She hurried across to the Garda station where her colleague, Dr Ann Mulrooney and nurse Anita O’Carroll were carrying out cardiac massage on Brian Rossiter who was lying on the floor outside a cell.

There were also a number of gardai in attendance, she said.

“I was quite shocked and I wondered was he alive or dead - he was totally still - there was no movement whatsoever - he was warm and there was a sense of not knowing what had happened, what we were dealing with,” said Dr Rouse.

Dr Rouse said she assisted Dr Mulrooney and Ms O’Carroll in carrying out full cardio pulmonary resuscitation and she began to feel a pulse even though Brian did not start breathing spontaneously.

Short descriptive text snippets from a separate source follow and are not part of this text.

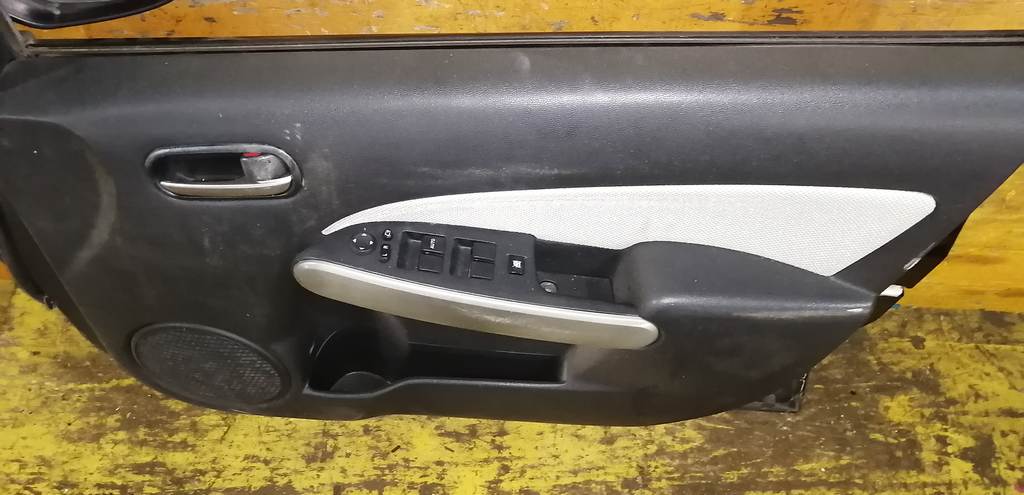 DEMIO DE3FS ДВЕРЬ ПЕРЕДНЯЯ ПРАВАЯ Mazda Demio 4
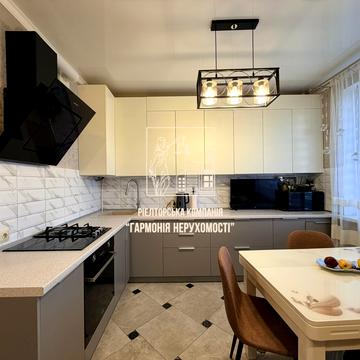 Єдності вул., 4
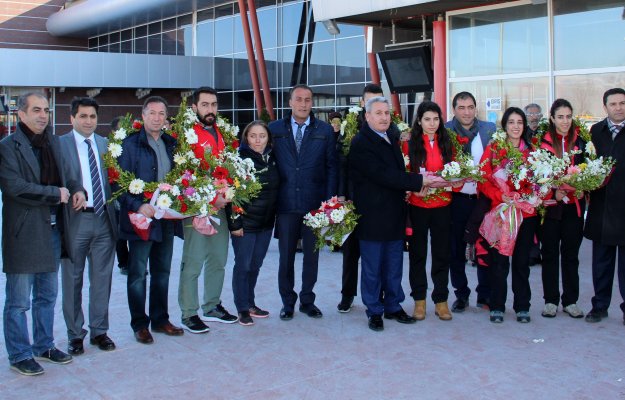 Kadınlar Curling takımı Avrupa ikincisi oldu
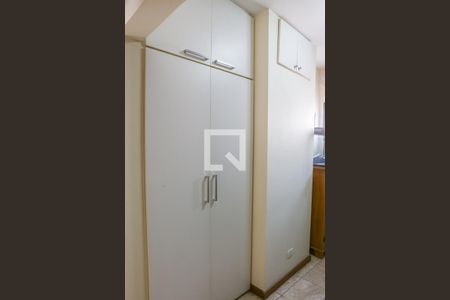 Apartamento à venda com 126m², 3 quartos e 2 vagas Apartamento à venda com 126m², 3 quartos e 2 vagasEscrtório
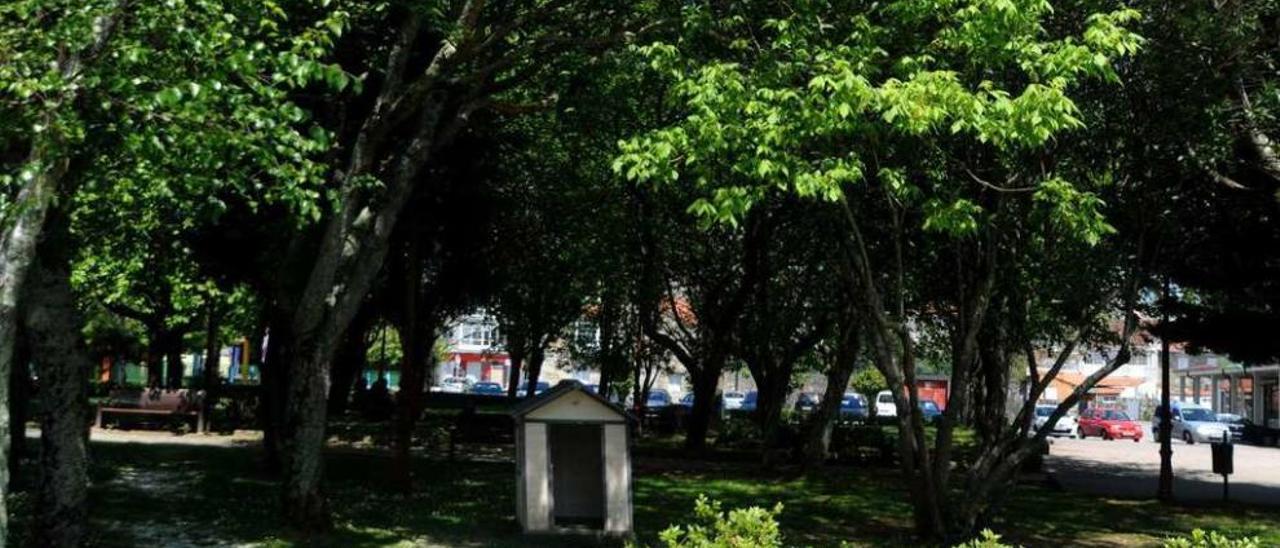 El Jardín Umbrío es el centro neurálgico del casco urbano de Vilanova. // Iñaki Abella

Brian had two black eyes with surrounding bruising but she didn’t see any abrasions on the left side of his face though that wasn’t to say that it wasn’t there, said Dr Rouse, adding that there was also bruising on his chest wall.

Cross-examined by Aidan Doyle BL, a barrister representing the Rossiters, Dr Rouse said Brian’s top had been removed but he was clothed from the waist down so she didn’t see any purple bruising to his penis.

She said she remembered Dr Mulrooney saying she had seen vomit when she arrived and she had cleared Brian’s airways before commencing mouth to mouth resuscitation to try and get Brian breathing again.

“I was aware that there were gardai around when we were putting up drips - they were giving assistance - we were all a bit panicked,” said Dr Rouse who had earlier said she hadn’t expected to be walking in on such a serious situation.